Division of Biostatistics, Washington University in St. Louis, School of Medicine, St. Louis, Missouri 63110-1093, USA.
Genet Epidemiol. 2012 Jul;36(5):508-16. doi: 10.1002/gepi.21647. Epub 2012 May 29.
Genotype imputation provides imputation of untyped single nucleotide polymorphisms (SNPs) that are present on a reference panel such as those from the HapMap Project. It is popular for increasing statistical power and comparing results across studies using different platforms. Imputation for African American populations is challenging because their linkage disequilibrium blocks are shorter and also because no ideal reference panel is available due to admixture. In this paper, we evaluated three imputation strategies for African Americans. The intersection strategy used a combined panel consisting of SNPs polymorphic in both CEU and YRI. The union strategy used a panel consisting of SNPs polymorphic in either CEU or YRI. The merge strategy merged results from two separate imputations, one using CEU and the other using YRI. Because recent investigators are increasingly using the data from the 1000 Genomes (1KG) Project for genotype imputation, we evaluated both 1KG-based imputations and HapMap-based imputations. We used 23,707 SNPs from chromosomes 21 and 22 on Affymetrix SNP Array 6.0 genotyped for 1,075 HyperGEN African Americans. We found that 1KG-based imputations provided a substantially larger number of variants than HapMap-based imputations, about three times as many common variants and eight times as many rare and low-frequency variants. This higher yield is expected because the 1KG panel includes more SNPs.
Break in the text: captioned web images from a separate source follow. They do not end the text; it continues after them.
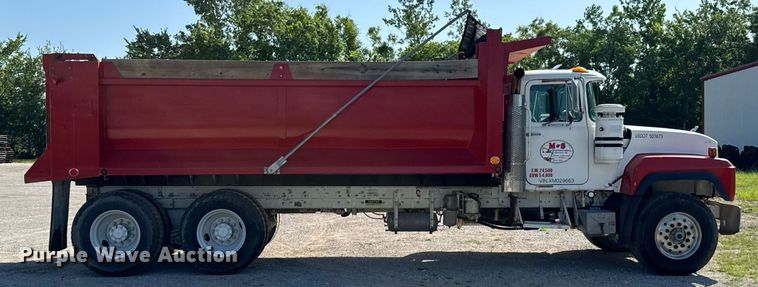 image for item DU9192 1999 Mack RD690S dump truck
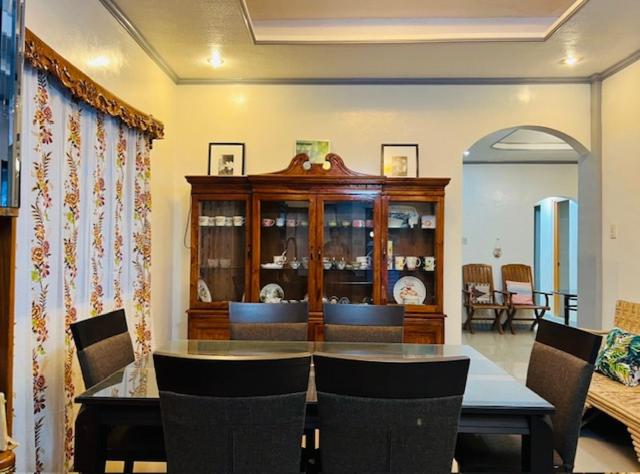 Nimrod's Cafe - Airconditioned Queen Beds with Starlink Wi-Fi, photo 44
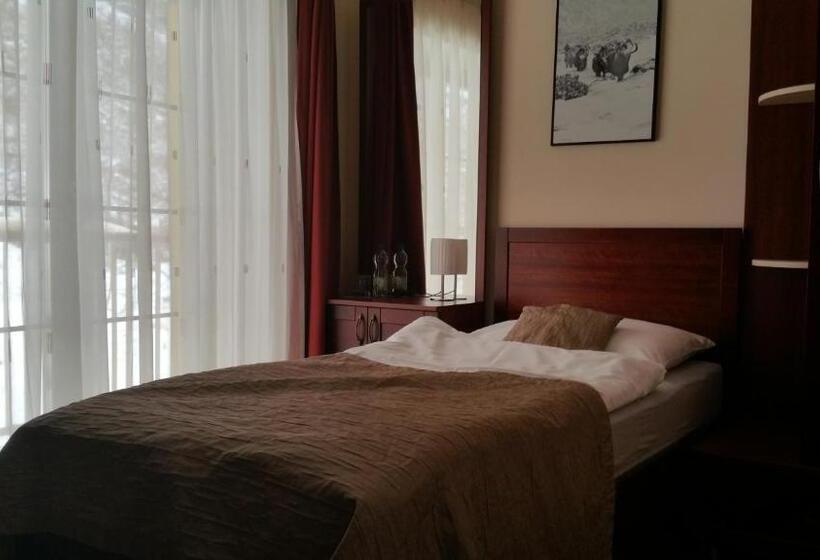 스탠다드 싱글 룸, Výpřež   Děčín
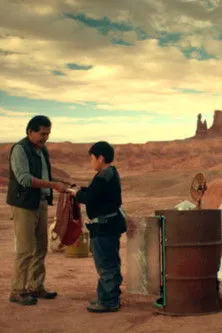 Tailinh Agoyo interpreta a Astronaut Mother en Delivery From Earth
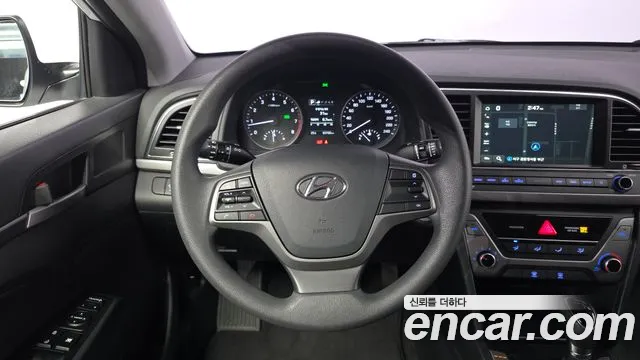 Hyundai Avante 2017 thumb 12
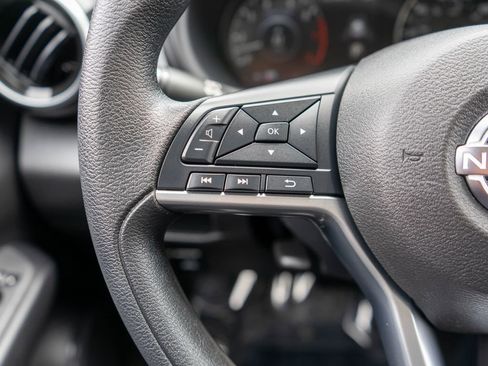 Used 2023 Nissan Kicks SV FWD image 18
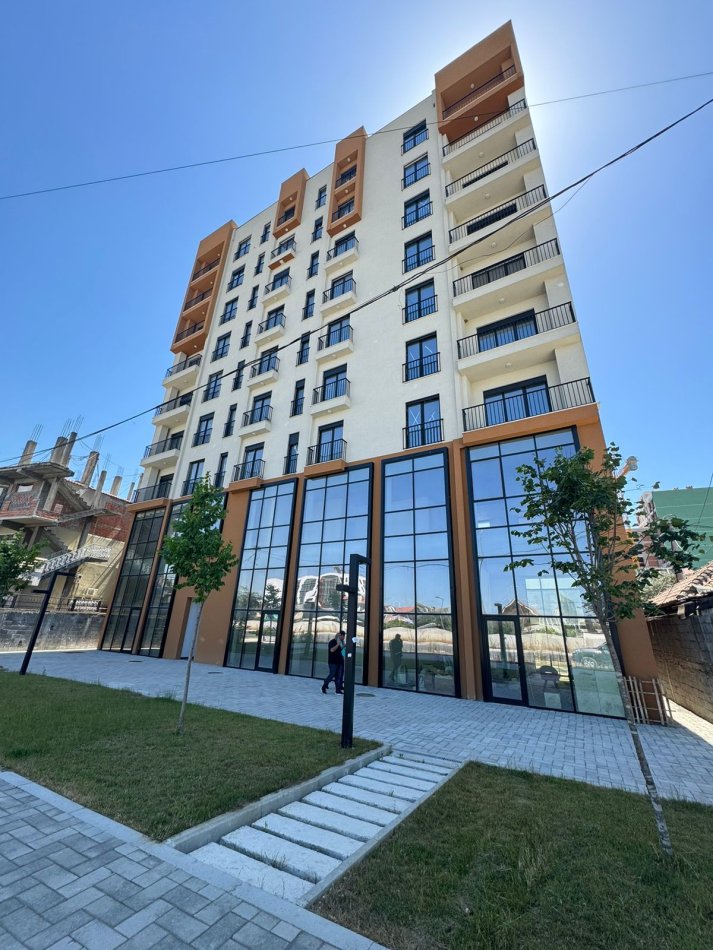 Tirane, shitet apartament 2+1+Ballkon Kati 6, 109 m² 141.700 € (Astir)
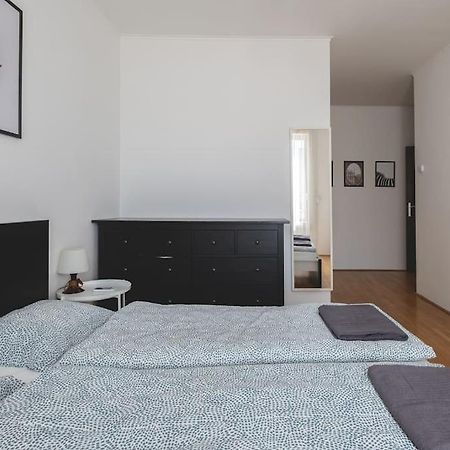 Apartament Bright Downtown Balcony Retreat Budapeszt Zewnętrze zdjęcie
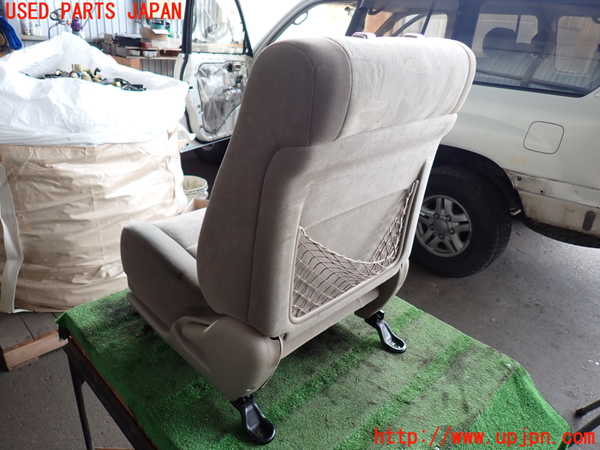 2UPJ-18937065]ランクル100系(UZJ100W)助手席シート 中古_m0003.jpg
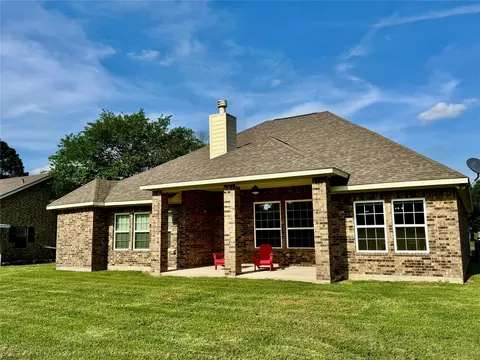 Exterior - 105 Coral Gables, Trinity, TX 75862 photo 7 of 9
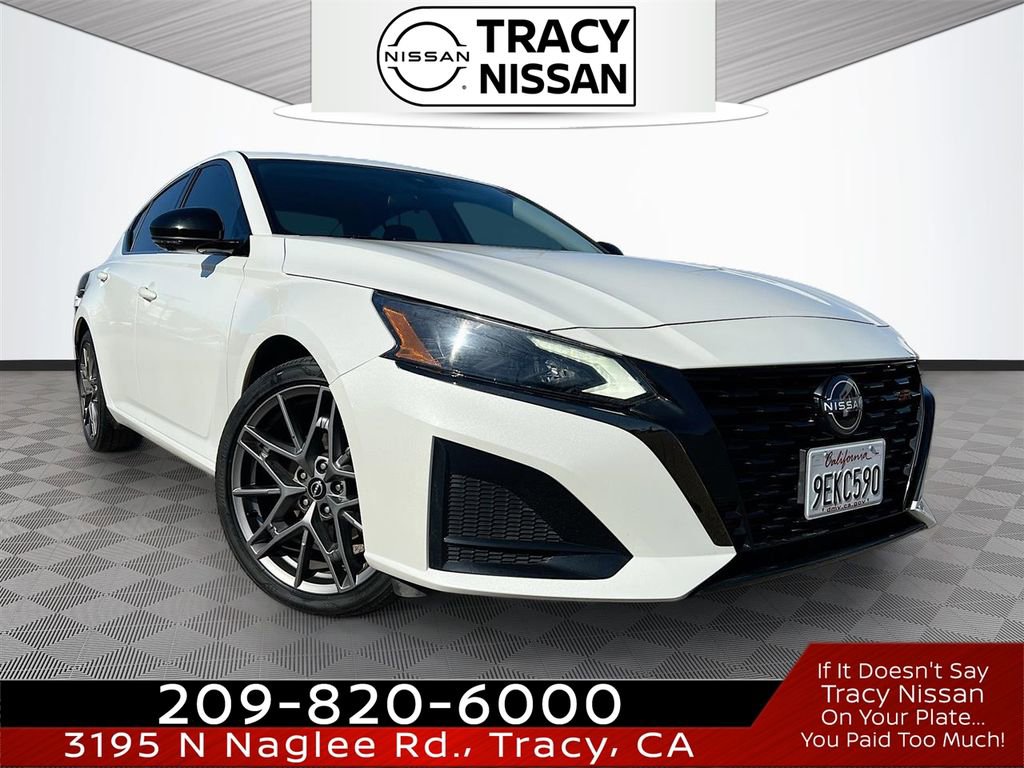 Used 2023 Nissan Altima 2.0 SR image 1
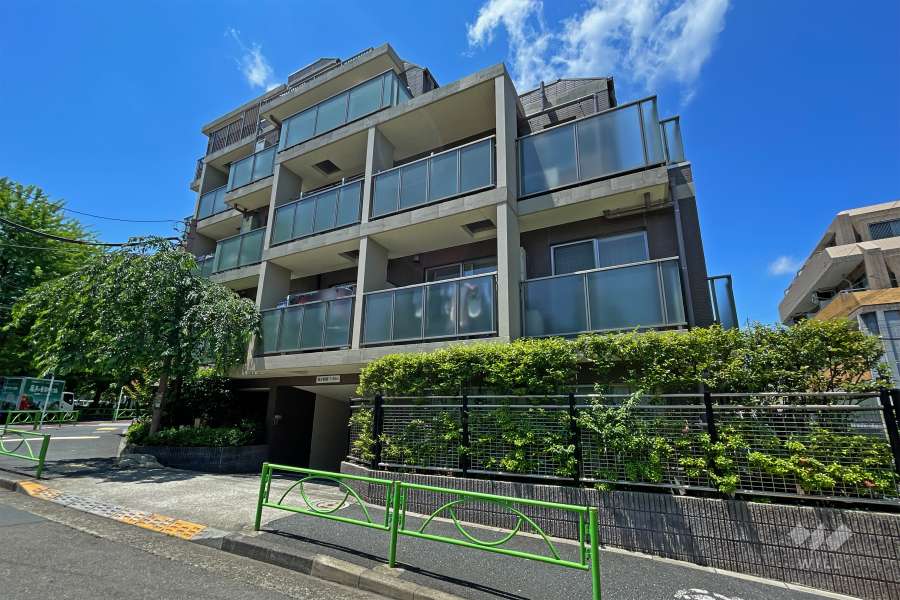 D’グランセ目黒東山の外観（東側から）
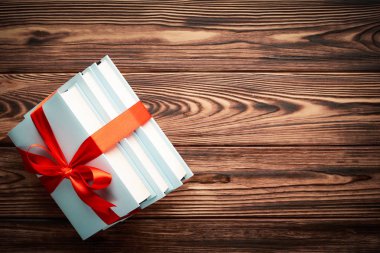 Ahşap bir arka planda renkli bir arkaplanda kitap yığını: eğitim kavramı ve kitap bağışı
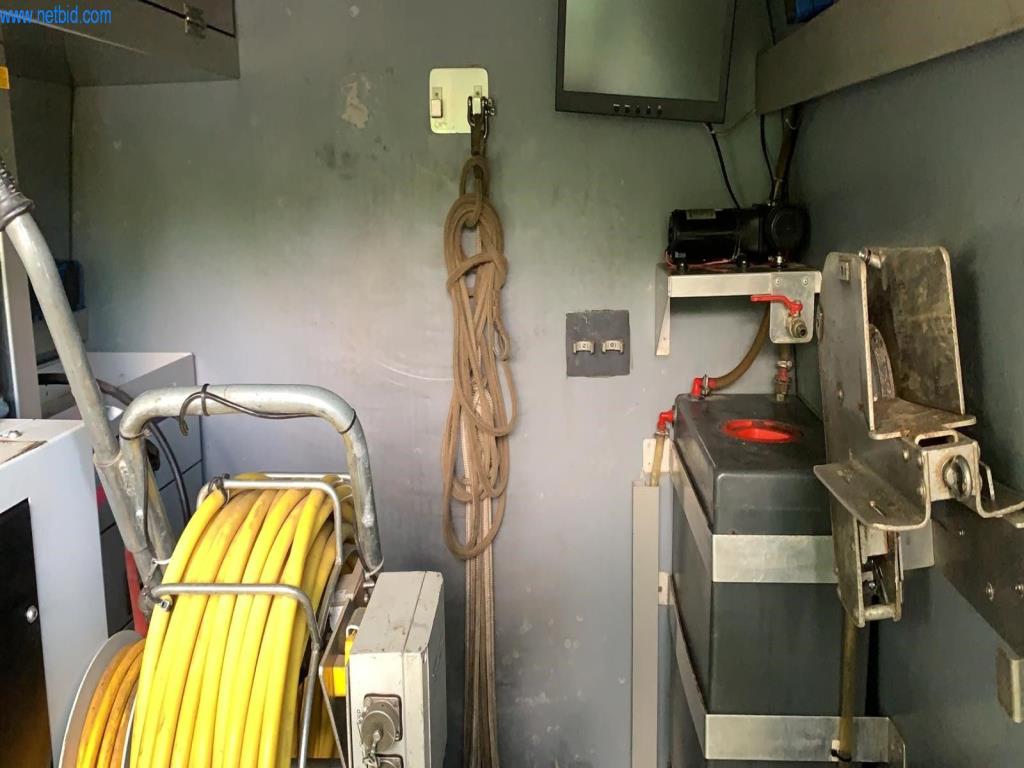 Dobrze utrzymane pojazdy komunalne, komunalne i innych władz publicznych-28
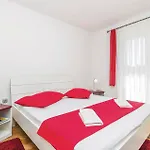 公寓 3 Bedroom Cozy In Viskovo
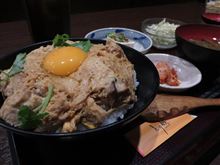 今日のランチは、「とり鉄」烏骨鶏卵と炙りもも肉の親子丼 880円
Accuracy rates using 1KG data were slightly lower than those using HapMap data before filtering, but slightly higher after filtering. The union strategy provided the highest imputation yield with next highest accuracy. The intersection strategy provided the lowest imputation yield but the highest accuracy. The merge strategy provided the lowest imputation accuracy. We observed that SNPs polymorphic only in CEU had much lower accuracy, reducing the accuracy of the union strategy. Our findings suggest that 1KG-based imputations can facilitate discovery of significant associations for SNPs across the whole MAF spectrum. Because the 1KG Project is still under way, we expect that later versions will provide better imputation performance.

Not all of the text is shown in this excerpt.